Sadly, no cherry pie this year since I ran afoul of the law (in this case, Bubba is the law) and instead made a cobbler and ice cream which, while still good, weren't Pie Season Good, and so will not be repeated with future cherry harvests.

Sorry! I don't make the rules around here with regard to cherries, folks! I can't be held responsible for Bubba's soul-bending desire for cherry pie! I simply cannot!

But this isn't a post about how Bubba will someday leave me and move into the backyard to live full time with the cherry tree.

This is a post about our first ever celebratory Pie Season dinner of All Pie.

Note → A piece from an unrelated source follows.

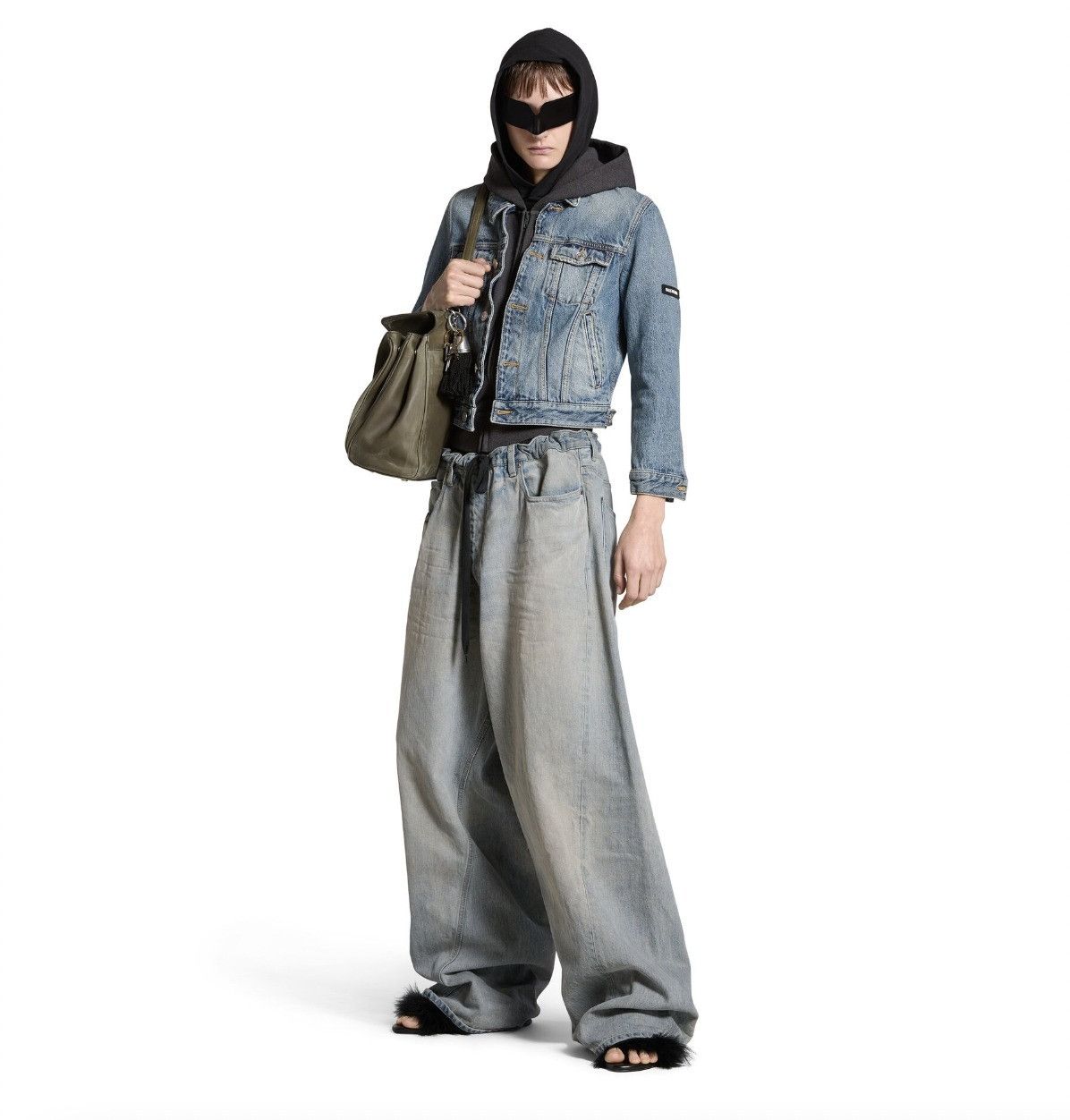 Balenciaga o1tr1nto0725 Patched Denim Jacket in Blue/Black Size US XL / EU 56 / 4 - 3 Thumbnail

See, we've celebrated Pie Season in years past, as is obvious given the fact that we've named a season after Pie and are always banging on about it, but we've never had an official meal in its honor. And my understanding of holidays, which I'll admit is a little limited, is that there is a mandatory and representative meal in which observers partake while usually wearing occasion-appropriate attire, singing ridiculous songs, drinking to horizontality and perhaps blowing some stuff up.

OK, so you probably only blow things up on 4th of July, but I have seen a few Christmas tree fires and know of at least one occasion in which an Easter egg doubled as a stink bomb. So, there you go. Also, let's never speak these "H"word related terms again. Phew.

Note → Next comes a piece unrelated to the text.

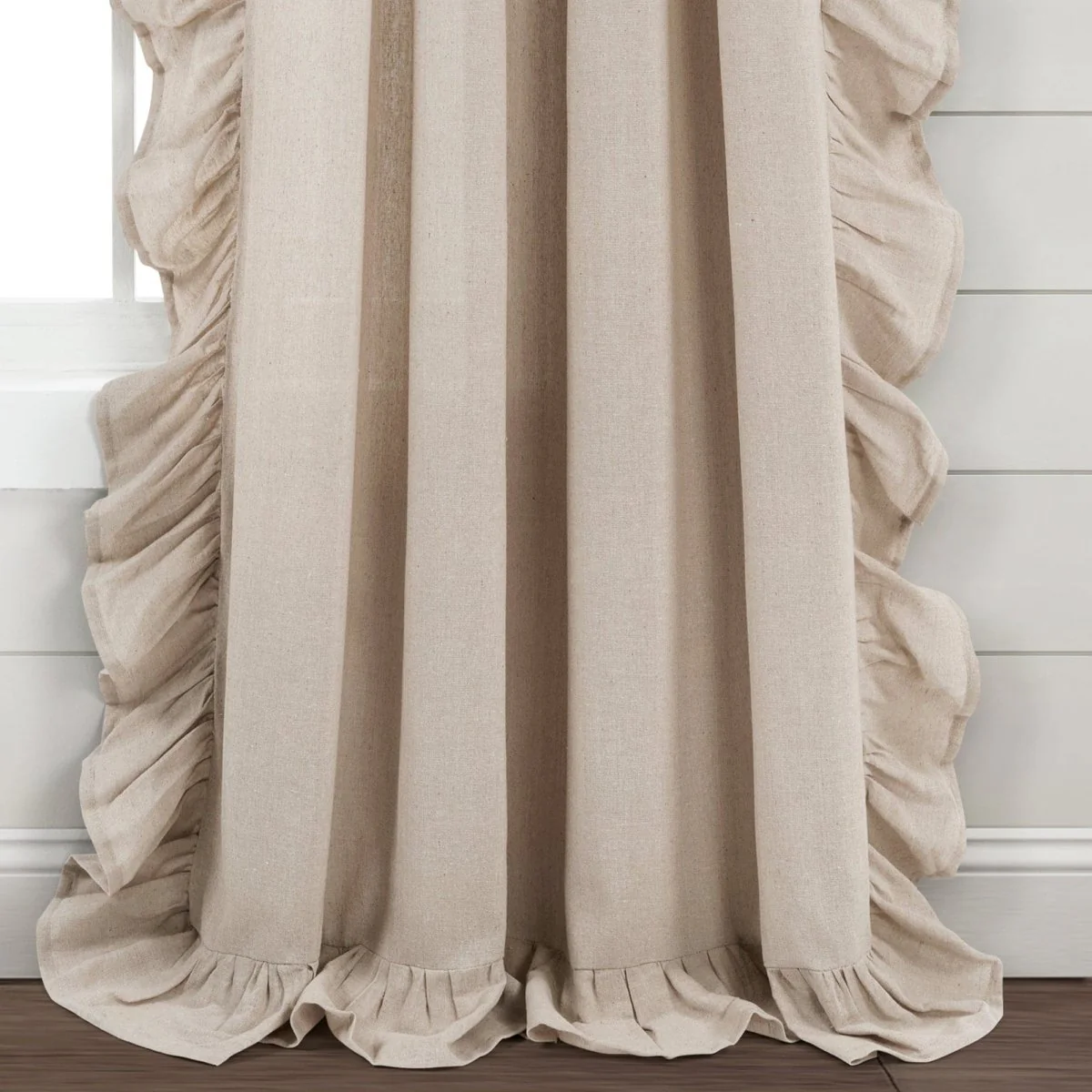 Faux Linen Ruffle Window Curtain Panel - Image 9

With these parameters in place, Pie Season is really only hitting on a few understood holiday requirements, but does in my view, fill the Holiday bill fairly squarely.

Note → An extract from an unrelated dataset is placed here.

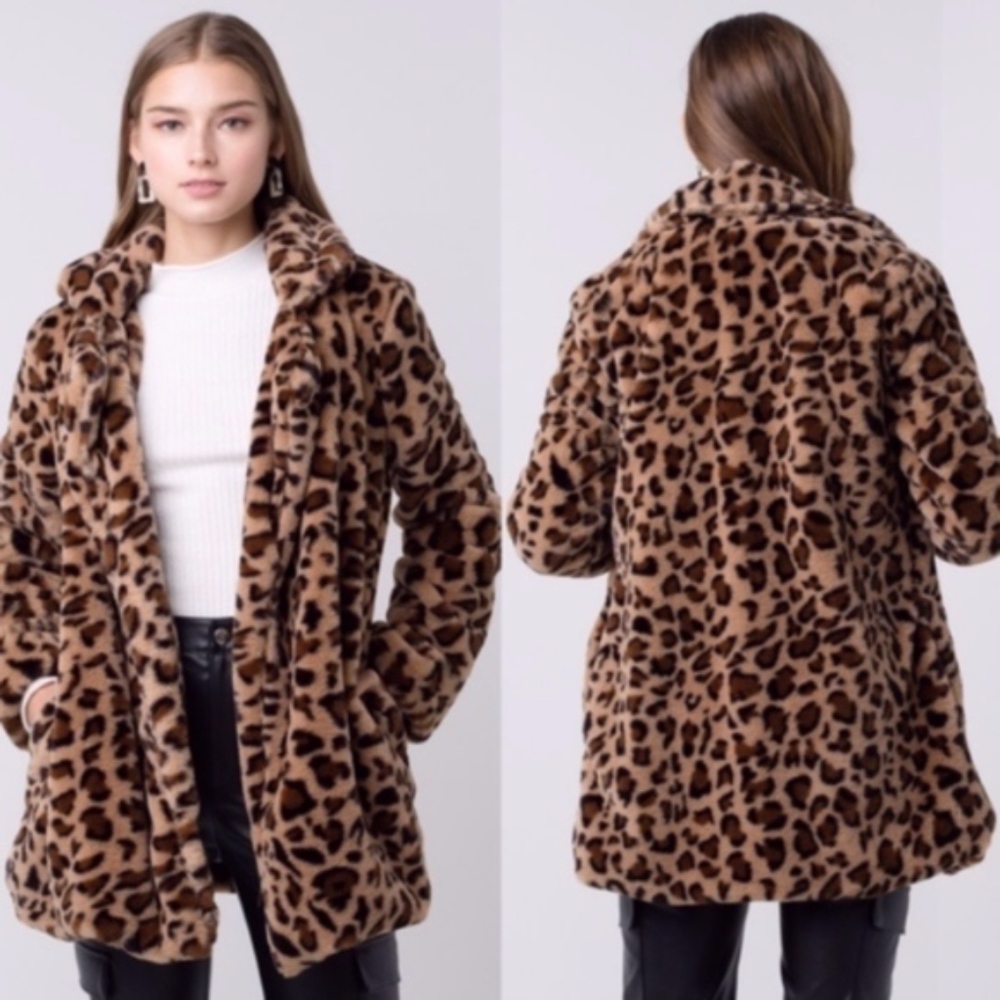 Luxe leopard print vegan Fur jacket Coat - Picture 7 of 7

We do have the representative meal of All Pie. We do wear occasion-appropriate clothes (something you're not worried about ruining). We do drink to horizontality (Mary Elke anyone?).

We do not, however, blow shit up or sing songs. That's too much. And would remove us from our Pie Season duty of eating pie.

In their places, though, we have other responsibilities like picking the fruits for the pies. In this case, tomatoes and blackberries. And since I've already said so much as to incur gardener wraths about tomato harvests, let's talk about my weekend in which I pretended to be a farmer in my country girl blackberry pickin' outfit.

Why shouldn't an old Chevy's sombrero be part of my pickin' outfit?

Firstly, we made the trip up to my folks' who live in the beautiful county of Sonoma and wherein lies The Hedge that could eat a thousand tractors.

One tractor fatality of many.

As always, my mom made us lunch first and we bided our time until we had to don our weather inappropriate garb so that we could defend ourselves from The Hedge. Because The Hedge has tried to snatch me from my mom's grasp before and I will not have that happening again.

Also, I learned a powerful lesson about why flip-flops and shorts are a bad idea for picking berries and that lesson is still stinging on the palms of my hands from when I slippedfellcrashed into The Hedge and could only keep my face from plunging in after the rest of my body by grabbing the blackberry canes with my bare hands.

Yes. Ouch. If only I could listen when my mom tells me to do things like put on proper shoes and pants when going out to pick small squooshy berries off huge prickly bushes.

IF ONLY.

Anyway, I'm now on my second year of remembering proper berry pickin' clothes and, of that, I'm proud.

Gloves are not required because stained fingers are cool. Says me.

Of course, because it's always Supah Hot for these prickly long-sleeved adventures, I always sweat myself insane and then pseudo-collapse afterward, but it's worth it for the berries, the QT with the folks and For the Pie.

Do it for the pie, I say!

And so does Bubba.

Bubba does not play by the Long Sleeves Only rule. He's such a rebel.

This year we sweat an appropriate amount, although it was not nearly as hot as year's passed, and, with the help of Bubba and my dad, my mom and I got to slack off early and YAY with more berries than usual.

Fun times! Less work! No passing out in the prickers!

Also, let me mention my dad's new addition to the blackberry harvesting strategy: the blackberry cart.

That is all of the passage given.